The earliest settlers of the island of Sakhalin came from the Amur region in two waves, around 2000 B.C. and 1000 B.C. A Neolithic people, they are thought to have been, in part, the ancestors of the Nivkh. Today's Nivkh, therefore, are an amalgam of earlier and later populations. Another early group on Sakhalin were the Ainu, who came from present-day Japan, in the south. (The Nivkh names for the Ainu are "Kui" and "Khughi"; the Chinese name of the island of Sakhalin is "Ku-ye-dao," where dao means "island.") Beginning with the thirteenth century, Chinese historical records mention tribes by the name of "Ji-li-mi" and "Qi-li-mi." These references are probably to the ancestors of the Nivkh or their early neighbors. The earliest mentions of these people in Russian sources are in travel accounts from the seventeenth century.

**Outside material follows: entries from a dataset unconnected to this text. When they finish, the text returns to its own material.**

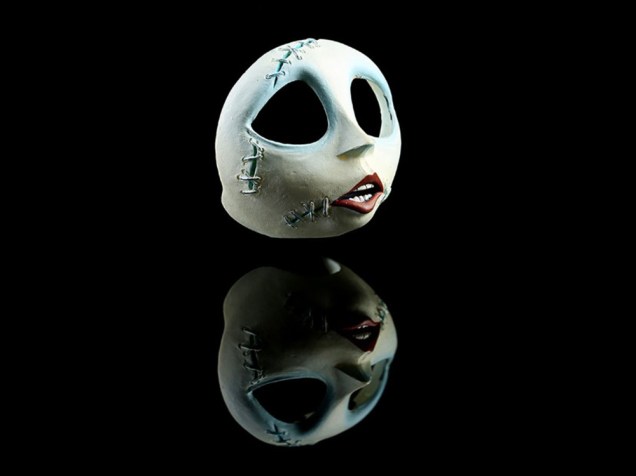 O rosto de Sally de O Estranho Mundo de Jack (1993), feito inteiramente em resina e finalizado a mão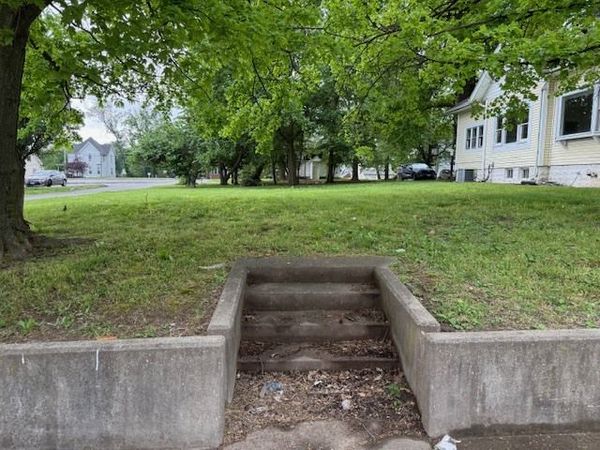 313 W Walnut Street , Carbondale, IL 62901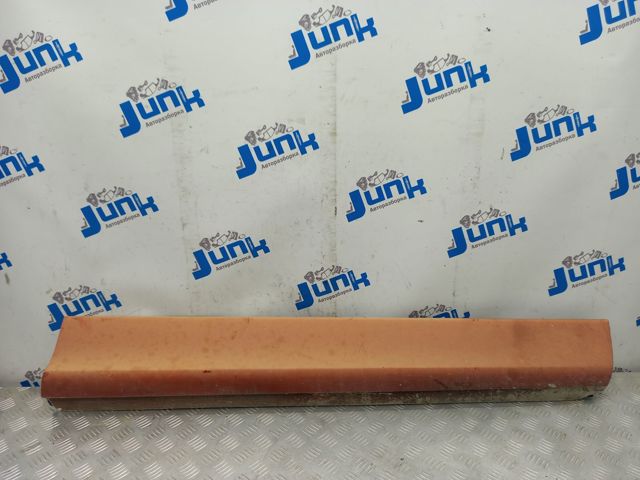 Накладка передньої правої двері 4L0853960FGRU VAG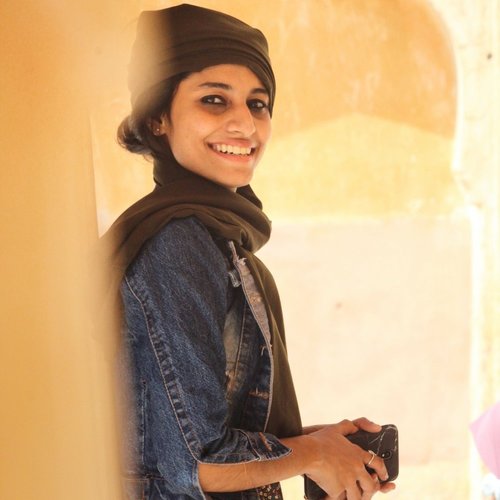 56 amigas por correspondencia, 32 países: Sana Khader aprende sobre el mundo a través de cartas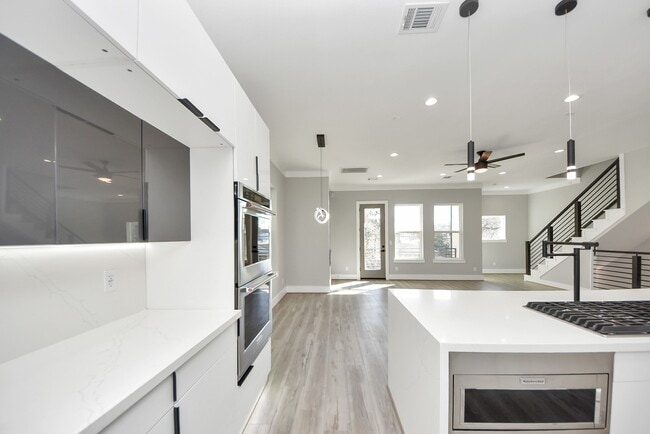 Foto del edificio - 604 W 28th St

The Nivkh were fairly well studied by the middle of the nineteenth century: there had been a large expedition to the area (under Leopold von Schrenck) from 1854 to 1856. This was followed by economic exploitation, the arrival of political exiles, and the visit of the famous author Anton Chekhov, who also mentions the Nivkh (Gilyak) in his book on Sakhalin (The Island, first published in 1893-1894). On the mainland, the closest neighbors of the Nivkh were various South Tungusic tribes; on Sakhalin they were in close touch with the Orok (also a South Tungusic tribe) and with the Ainu. Until 1917 only weak attempts were made to integrate the Nivkh into the imperial Russian economic and social structure. From 1905 to 1945 Japan owned the southern half (south of 50°) of Sakhalin. Japan also controlled portions of the economy in northern Sakhalin from 1918 until about 1940. In 1945, when the USSR occupied the entire island, there were about 100 Nivkh on the Japanese (southern) half of the island.
An alphabet for the Nivkh language, based on the Latin script, was created in 1931; books (mostly primers) were published in 1932; campaigns to encourage hygiene, collectivization, and general education were launched at about the same time. An alphabet based on the Cyrillic script replaced the one based on Latin in 1940. By 1990 there were two orthographies, to accommodate the two dialects. At present the Nivkh are integrated into the Russian economy and culture, with the degree of acculturation high and increasing; yet many Nivkh continue to engage in traditional occupations (seal hunting, fishing) and are aware of their heritage, which they are eager to perpetuate.